Silly fucker. He’s all over the place. He comes up to me looking for support. “He’s fucking racist, doesn’t want to go south of the river.” He wants a response and his thought-things don’t go together. I try logic. “Maybe he thought you might be drunk? Cabbies worry about it cos of sick” I’m not throwing it at him at this point, that I think he’s obviously being an idiot. I’m just nudging him – it might help him get a cab if he doesn’t open the interaction with “Salaam Aleikum do you speak English language yes yes?”
I’ve got eyeliner on though from work. And I’m wearing a Stetson. He takes me in. “Look at you, fucking council estate middle class. That’s what you are isn’t it? Fucking council estate middle class.” I’m so bemused by this that I am momentarily totally flabbergasted.
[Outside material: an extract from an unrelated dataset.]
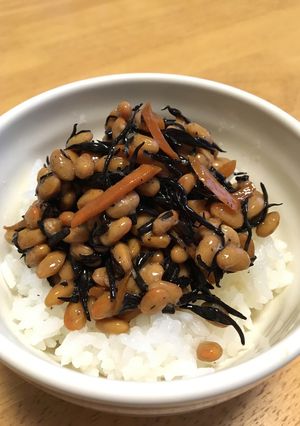 余ったひじき煮で♡朝から健康!納豆ご飯-レシピのメイン写真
It’s a funny thing we do in these situations. It’s an assessment. I can see he’s focussed on me now. He might flail at me. “Will I win in a fight?” I can see how drunk he is, he’s smaller than me and he’s wearing glasses. Yes. I know I’m not gonna punch him first though, just as I know that if he tries me I can avoid it and worst case send one quick jab to his nose. He’s too slow not to get hurt. I don’t want to have to do it though. I’ll avoid it if at all possible. But … I relax my shoulders and my hands and ease my breathing, get myself into a state of readiness. I’ve been in these fights before but not for decades. Nobody really wants to throw a punch, a single punch usually ends it. It’s just the usual nonsense from him of talk shout push hope you don’t get someone impatient and quick.
He’s right up in my grill. “I’m gonna decimate you, fucking council house middle class.” It’s the eyeliner. He thinks I think I’m Russell Brand. I’m just watching him for a draw back or a butt forward, something that will hurt me and needs to be squashed. He raises a hand slowly, puts it right up pointing in my face, but … slowly. I stand my ground as he’s just talking shit and putting his hand near my face. He hasn’t got nasty long nails, I’ve got reaction time still. But I haven’t considered my hat. He takes it off and throws it into the road with a little flair like he’s just done a clever. I go and pick it up and a black cabbie is coming past who watched it happen. He pops the door. I get in. “Thanks. I can’t be bothered with this guy.”
He doesn’t put the meter on until we are halfway home. I tip him well. Cabbies are still amazing. The knowledge… They ain’t cheap but they’re iconic and they really have to learn the streets.
Missing the last tube turned into a right odyssey and he got me to my door, and out of the myopic view of that particular Cyclops.